A 9-year-old girl found a rare megalodon tooth in Chesapeake Bay—and it’s as big as her hand
Posted at 4:30 AM, Jan 18, 2023

Molly Sampson got the Christmas gift of her dreams. The 9-year-old from Maryland wants to be a paleontologist, and she has a special interest in megalodon, the largest shark ever to have lived. And while they have been extinct for millions of years, people still come across fossils of the sharks’ massive teeth.

When Molly and her big sister Natalie got the insulated waders and fossil sifters they’d put on their Christmas lists, the first thing they wanted to do was go shark tooth hunting.

“The only thing Molly really wanted for Christmas was insulated chest waders because she knew she was missing out on some good fossil finds further out in the water,” Molly’s mom, Alicia Sampson, told CBS News. “…As soon as they finished breakfast, they got their waders on as quick as they could and headed to the cliffs with my husband, Bruce.”

So, at around 9:30 in the morning, they made their way into the freezing water at Maryland’s Calvert Cliffs State Park, which is known for its fossils. Since it was low tide and they had their waders on, the family was able to go further out than usual.
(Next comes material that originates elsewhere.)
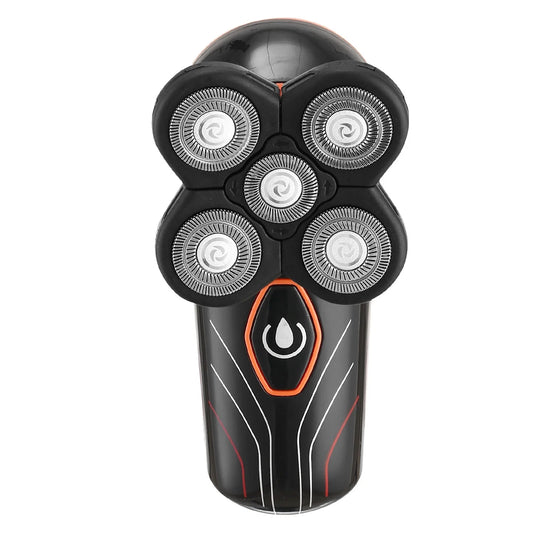 4D Electric Shaver IPX7 Waterproof Wet Dry Rotary Razor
The father and daughters made several finds, but in less than 30 minutes, Molly spotted something fascinating. Molly’s mom shared photos on Facebook.

“Look at the size of the tooth Molly just found,” Alicia Sampson wrote in the Facebook post. “This tooth was in the water, so thanks to the waders she got the best part of her present!!”

One of the photos she shared shows the massive megalodon tooth in the top left corner, dwarfing the other shark’s teeth the family found.

Experts say the 15-million-year-old, 5-inch-long tooth likely belonged to a shark nearly 50 feet long. For comparison, most semi-truck trailers are 53 feet long.

“I went closer, and in my head, I was like, ‘Oh, my, that is the biggest tooth I’ve ever seen!'” Molly told NPR. “I reached in and grabbed it, and dad said I was shrieking.”

Stephen Godfrey, curator of paleontology at the Calvert Marine Museum, told NPR the tooth is one of the largest probably ever found in the area, calling it a “once-in-a-lifetime kind of find.”

We wonder what Molly will ask for next Christmas!

By Tricia Goss, for Scripps News.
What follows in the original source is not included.